The passing of the CRA and Telecommunications acts paved the way for the Cook Islands Government to establish the state owned enterprise, Avaroa Cable Limited. This was made possible through the funding from New Zealand Aid Programme and the Asian Development Bank.

=== Digital transformation initiatives ===
In July 2020 the Cook Islands were connected to the Manatua One Polynesia Fibre Cable, which links the Cook Islands, Niue, Samoa and Tahiti. The cable has landing points at Rarotonga and Aitutaki. Then in September 2020 Avaroa Cable Limited and Vodafone Cook Islands signed a partnership for use of the Manatua One Polynesia Fibre Cable, making Avaroa Cable Limited the first company to be awarded a telecommunications licence under the new Cook Islands Competition and Regulatory Authority Act 2019.

In December 2021, the contract was awarded to Wellington-based IT company Aiscorp for the upgrade of the Cook Islands government network infrastructure. This project is ongoing and has lasting impact, benefits for the government, and the people of the Cook Island as they work towards the centralised system being available to all of government. Individual Government agencies and state-owned enterprises are continuing with development and implementation of digital plans.

With facilitation support from the Asian Development Bank the latest version of the Cook Islands National ICT policy was launched.

From 24 June 2024, in a partnership with LexisNexis a global leader in legal publishing, the Cook Islands government have launched a new website, Laws Of The Cook Islands - Te Au Ture O Te Kuki Airani, with features including a comprehensive legal database, user-friendly interface and regular updates, with the aim of increasing transparency. More information is available in the Cook Islands Legislation.

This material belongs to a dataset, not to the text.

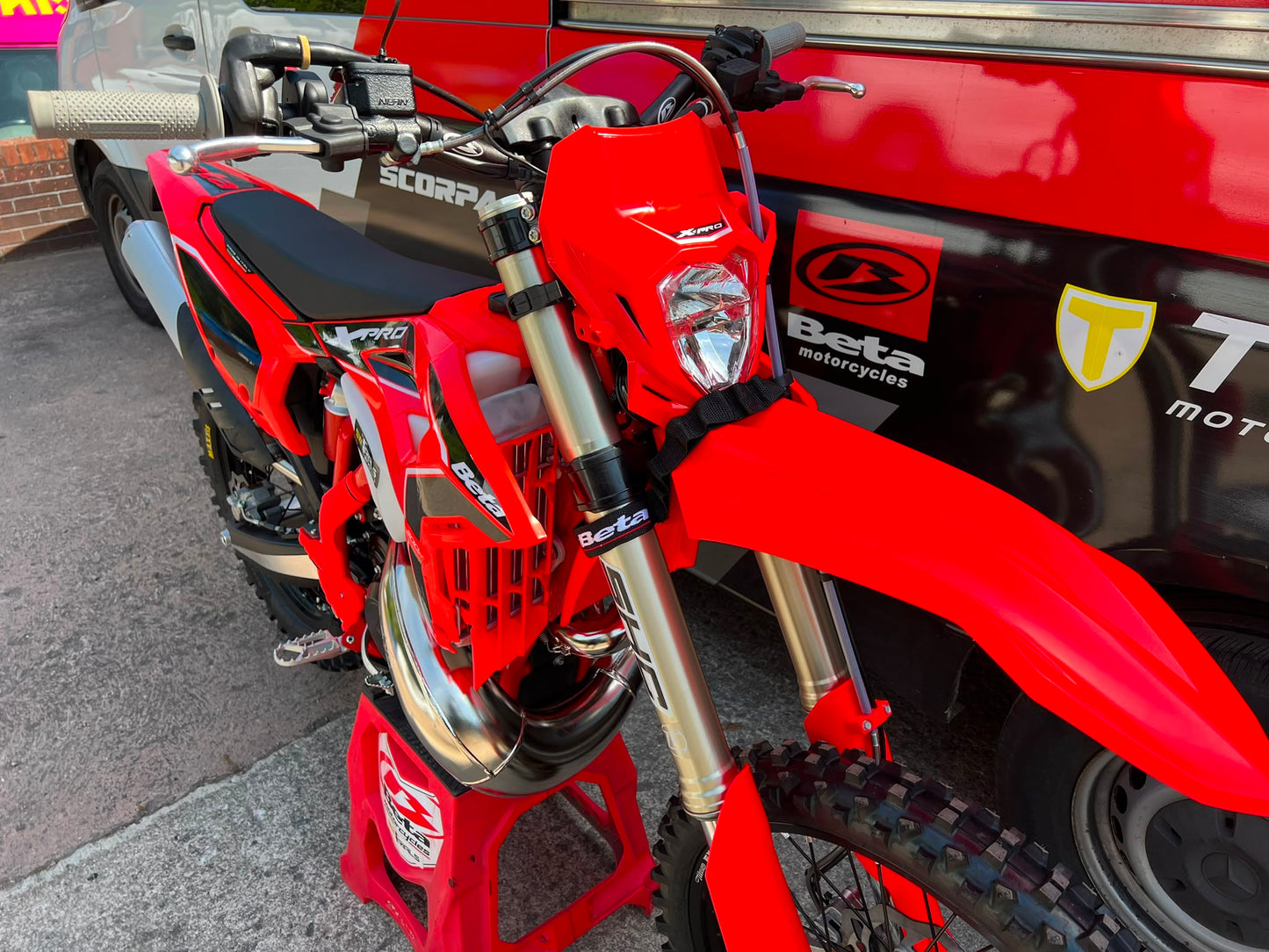 2027 Beta RR X-PRO 2T 250cc/300cc Enduro Bike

After years of research, analysis, development and financial support from international bodies such as the United Nations, New Zealand Agency for International Development (NZAID) and Asian Development Bank as contributors, the Cook Islands celebrated a key milestone in its digital transformation journey in February 2024 with the launch of its first ever National Digital Strategy 2024 to 2030. The vision for the Cook Islands is "A digitally empowered and inclusive Cook Islands, where technology enhances all lives, fosters innovation, drives economic growth and prosperity, improves social services, and protects our unique culture and environment – while building a shared identity for our island home."

With the successive rollout of the above initiatives the Cook Islands needed to ensure that set clear foundations for tackling online harm and cybercrime, securing the information and data held by its government and respective agencies, ensuring the safety of its people and protection of its critical national infrastructure. This consideration has resulted in the development of its first cyber security policy.

On 6 January 2025, the Ministry of Foreign Affairs and Immigration announced that the new online visa and permit application was now live. Developed in conjunction with the United Nations Conference on Trade and Development (UNCTAD) this platform allows the thousands that visit each year a more efficient and effective service.